Акция протеста в Сиэтле против дамбы на реке Снейк. 2002 г.
Фото Колина Мигера
В середине 1990-х годов в ходе акции в защиту лесов в Хедуотерсе были арестованы четверо активистов. Там растут рощи великолепных реликтовых секвой, которым грозила вырубка. Ребята участвовали в специальной программе стажировки от Patagonia, которая позволяет сотрудникам на два месяца покинуть свои рабочие места, чтобы участвовать в работе природоохранных групп, и продолжать получать зарплату и полный социальный пакет от компании. В некоторых обстоятельствах компания готова также вносить залог за тех, кто участвовал в акциях мирного гражданского неповиновения по вопросам экологии и был арестован. Если правительство нарушает или отказывается исполнять собственные законы, я считаю, что гражданское неповиновение — это правильный способ действий.
Если спросить у людей сегодня, чего они хотят для своих детей, все скажут, что хотели бы, чтобы мир стал лучше, чтобы у их детей было все, чего им самим не хватало в детстве. Но при этом отказываются делать нужный для наступления этого светлого будущего выбор.
Когда я был молод, мое поколение понятия не имело о том, что планета в опасности, и уж точно никто не мог и представить себе, что однажды компаниям будет необходима не только финансовая, но и природоохранная политика. Только в 1962 году, после выхода книги Рэйчел Карсон Silent Spring («Безмолвная весна»), некоторые из нас вышли из ступора. Сегодня большинство американцев знает о том, что мы стоим перед угрозой экологического кризиса. Исследования показывают, что 75% людей считают себя сторонниками защиты окружающей среды. Но, как известно, человека определяют его действия, а не его слова.
Мы обвиняем других: китайцев в том, что они жгут высокосернистый уголь, правительство за то, что оно хочет добывать нефть в Национальном Арктическом заповеднике, но продолжаем кататься на своих джипах, покупать и потреблять как «правильные» американцы — чтобы экономика продолжала процветать. В общем, действуем по принципу «не я создаю проблему, не мне ее и решать». А правительство только уводит нас в сторону, поддерживая вырубку лесов субсидиями, освоение недр и неоправданно большие автомобили — налоговыми льготами, субсидирует хлопковую промышленность, иные экологически нерациональные способы ведения сельского хозяйства, а консьюмеризм пропагандируется как фундаментальная основа всей нашей экономики.

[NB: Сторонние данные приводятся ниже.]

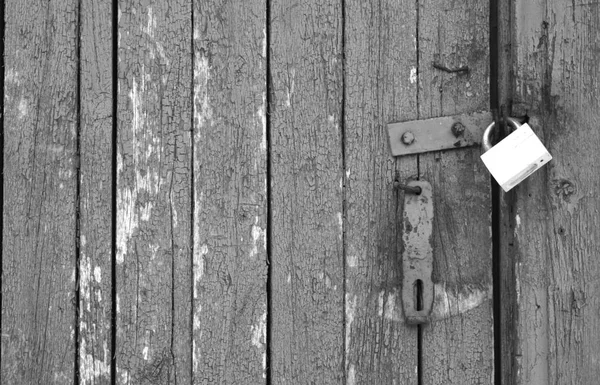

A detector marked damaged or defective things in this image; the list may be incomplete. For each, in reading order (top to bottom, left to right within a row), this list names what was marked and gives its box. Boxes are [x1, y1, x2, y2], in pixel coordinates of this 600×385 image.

Конечно, наши правительственные организации сами не ведут добычу нефти и не оставляют вредные отходы производства. Но большинство корпораций выполняет только тот минимум требований, который позволяет им продолжить вести свою деятельность. Беда в том, что они хотят делать еще меньше. На первом месте стоят доходы и заказы, а производство экологически вредных продуктов оправдывается «потребительским спросом».
Этот продукт так и будет производиться, пока сами потребители не потребуют изменить ситуацию. Лесоруб, валящий реликтовые деревья, или оператор у станка, штампующий боевые винтовки для гражданских лиц, не освобождаются от ответственности только потому, что «это их работа» или «они делают то, что им сказали». Мы считаем, что компания должна нести ответственность не только за то, чтобы ее производство причиняло минимум вреда обществу и окружающей среде, но и за сам продукт.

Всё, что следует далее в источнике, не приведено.